All diese Versuche waren darauf angelegt, ein Zukunftsbild zu entwerfen, das unter dem Motto stand „Vorwärts, wir marschieren zurück!“ Das „neue“ Deutschland sollte nach „alten“ Idealen gestaltet werden. Ausländer, demokratisches Mit- und Gegeneinander oder die viel gescholtene Multikulturalität sollten darin keinen Platz haben. Und der in der „Mitte der Gesellschaft“ angekommene Zorn auf die vielen Neuerungen durch deutsche Einheit, auf die schlechte wirtschaftliche Situation mit hoher Arbeitslosigkeit und einer niedergegangenen ostdeutschen Wirtschaft entluden sich in Brandanschlägen auf Ausländerheime oder Wohnanlagen, in denen viele Ausländer wohnten: 1990 in Stuttgart, 1991 in Greifswald, 1992 in Rostock- Lichtenhagen, 1993 in Solingen und München. Fünf Tote und knapp 100 zum Teil Schwerverletze waren die Folgen. 
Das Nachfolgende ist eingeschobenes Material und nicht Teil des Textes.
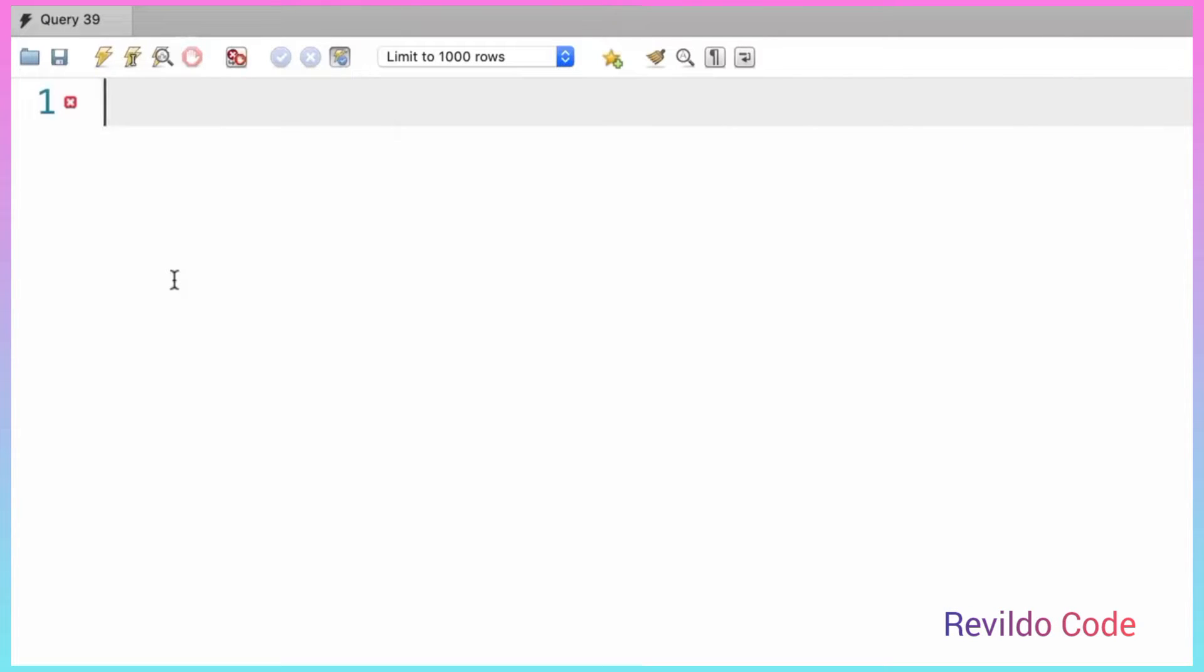In SQL we also have another simpler way to join two tables. It's called a natural join and it's easier to code, but it's not something that I recommend because sometimes it produces unexpected results. But let me quickly show you how it works in case you see it somewhere, so at least you're familiar with it.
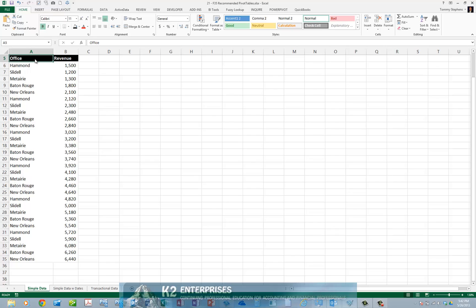In this tip, you will learn how to use the Recommended Pivot Tables feature in Excel 2013 to ease the process of building simple pivot tables.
Aber weder brennende Unterkünfte für Asylbewerber oder Ausländer, noch Tote und Verletzte haben dafür gesorgt, dass es zu einem Umdenken kommt. Ganz im Gegenteil: Die Gewaltbereitschaft gegen Fremde hat knapp 30 Jahre nach den Ereignissen von Rostock oder Solingen noch zugenommen. Der Anschlag auf die Synagoge von Halle Anfang Oktober 2019 hätte Dutzende Opfer unter der jüdischen Gemeinde gefordert, wenn die massive Eingangstür den Schüssen des Täters nicht standgehalten hätte. Im Inneren des Gotteshauses waren jüdische Gläubige an Jom – Kippur, dem jüdischen Versöhnungsfest und höchsten Feiertag, versammelt. Sie wären Opfer eines Massakers geworden, wenn sich der Täter Zugang zu ihrer Synagoge hätte verschaffen können.